Bug #106610 Concurrent INSERT IGNORE in InnoDB table may trigger the database to stall
Submitted: 1 Mar 2022 10:32 Modified: 4 Apr 2022 11:34
Reporter: Dirk LANGE Email Updates:
Status: Verified Impact on me:
None 
Category:MySQL Server: Locking Severity:S2 (Serious)
Version:5.7.33 OS:Linux
Assigned to: CPU Architecture:x86
Tags: auto_increment, concurrent, innodb, insert, unique key

[1 Mar 2022 10:32] Dirk LANGE
Description:
Concurrent INSERT IGNORE into an InnoDB Table may trigger a database state, where overall statement execution stalls.
InnoDB-related statements suffer from drastically increased runtime.

Prerequisite:
- innodb_autoinc_lock_mode = 2
- InnoDB target table contains
  a primary key column using AUTO_INCREMENT, and
  another column, adding a separate unique key
- concurrent INSERT IGNORE

Observation:
All statements involving InnoDB tables appear to execute if not being locked otherwise (if no other lock condition applies), but extremely slow, virtually not progressing.
Affected are
- the triggering INSERT IGNORE themselves
- all other independently running statements on tables of type InnoDB

One of the triggering INSERT IGNORE will start executing, the other concurrent one(s) are in State „Sending data“ or „Update“.
The one running executes already extremely slow (ref. strace on the mysqld thread).

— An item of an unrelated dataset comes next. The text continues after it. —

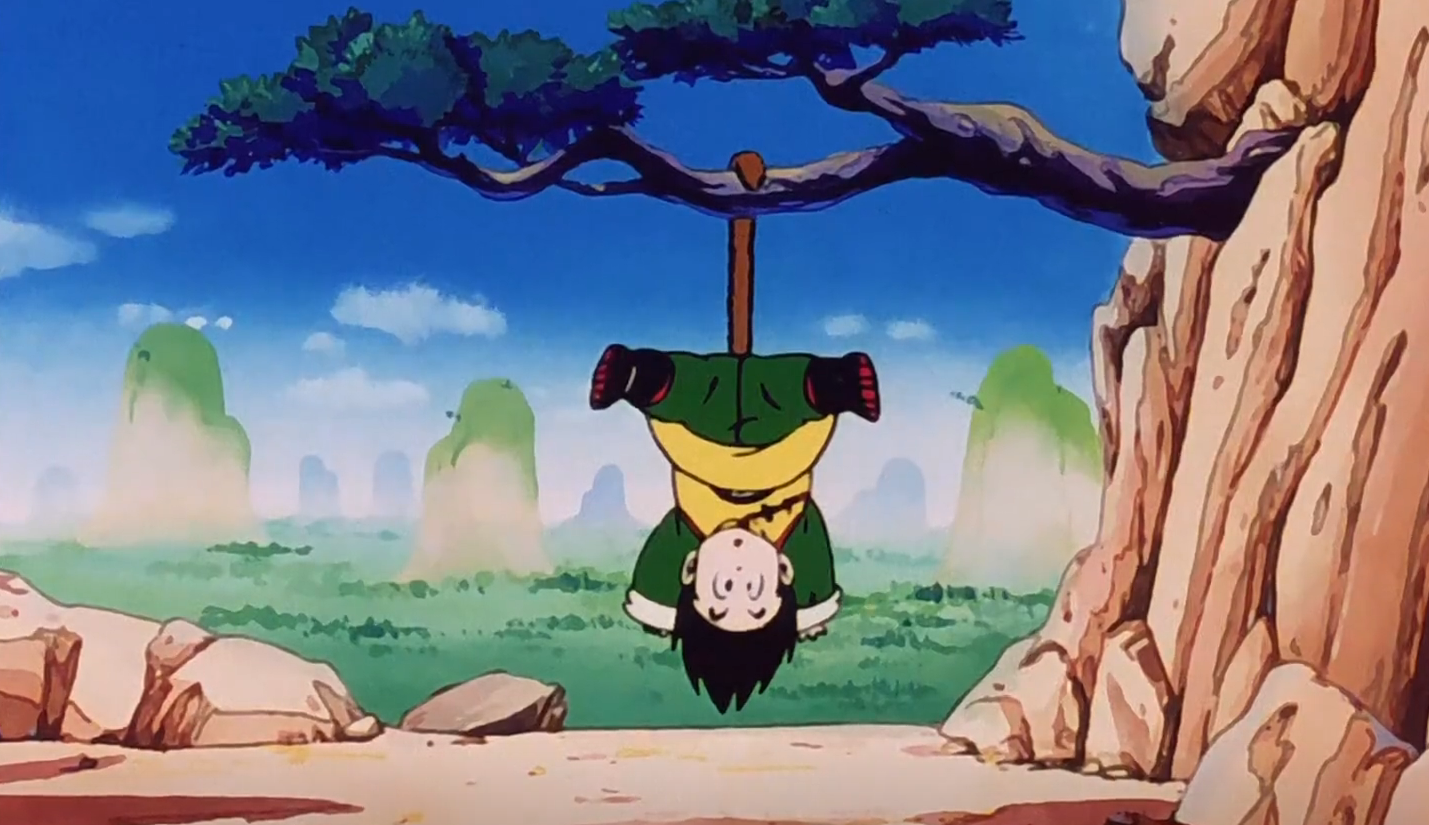 Gohan is hanging upside down from a tree in Dragon Ball Z Kai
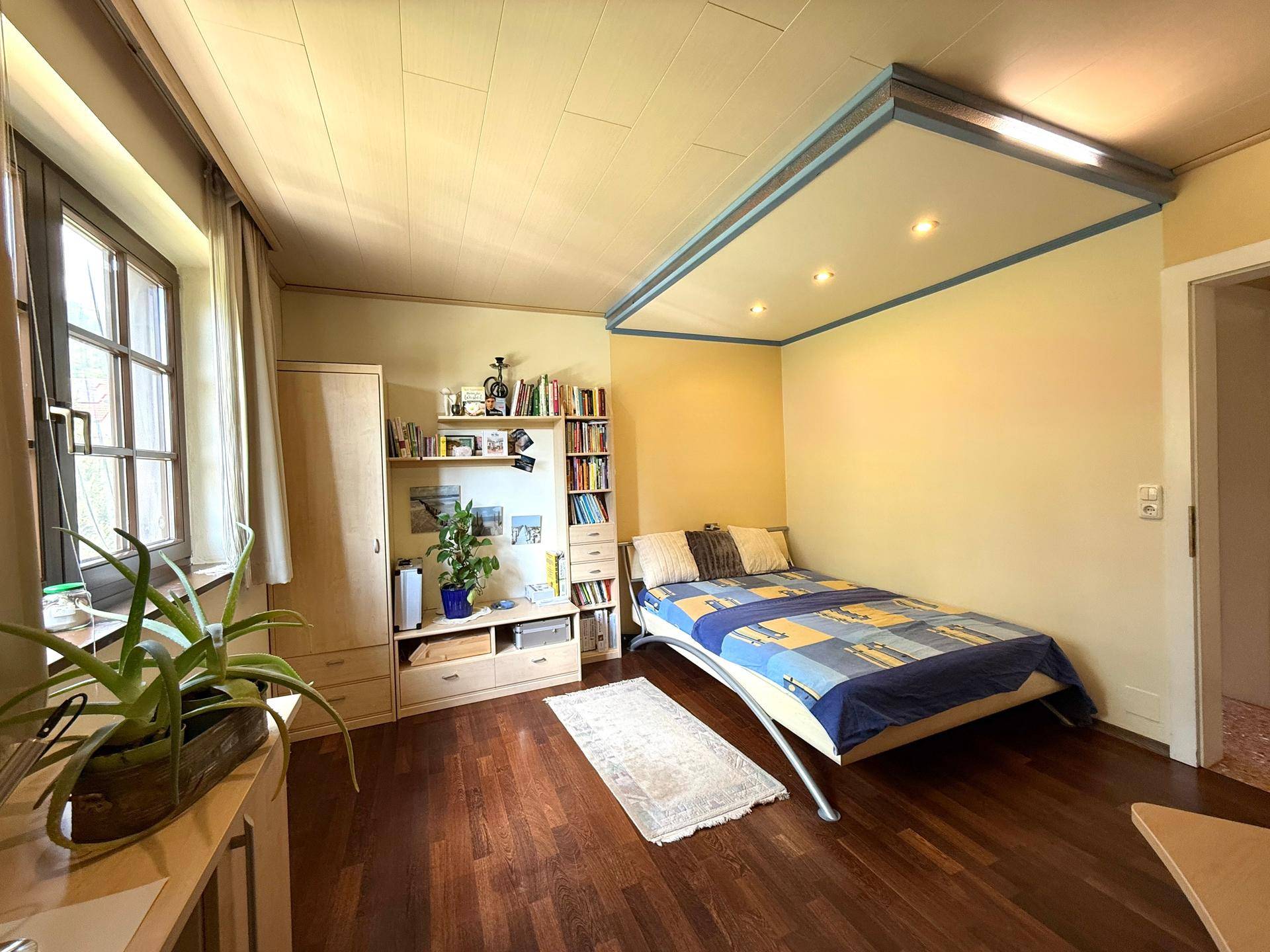 Helles Schlafzimmer mit Einzelbett, Bücherregal und Holzfußboden, ideal als Kinder- oder Gästezimmer.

In case of exceeding innodb_lock_wait_timeout, the waiting ones will get aborted.
Even when the last waiting/locked INSERT IGNORE got aborted, the executing one keeps processing extremely slow.

The situation recovers, when the executing INSERT IGNORE finished.
In case of still waiting INSERT IGNORE, they now execute as fast as normal, if not another race condition occurs.

The runtime of the executing INSERT IGNORE appears to scale with the number of records to be processed.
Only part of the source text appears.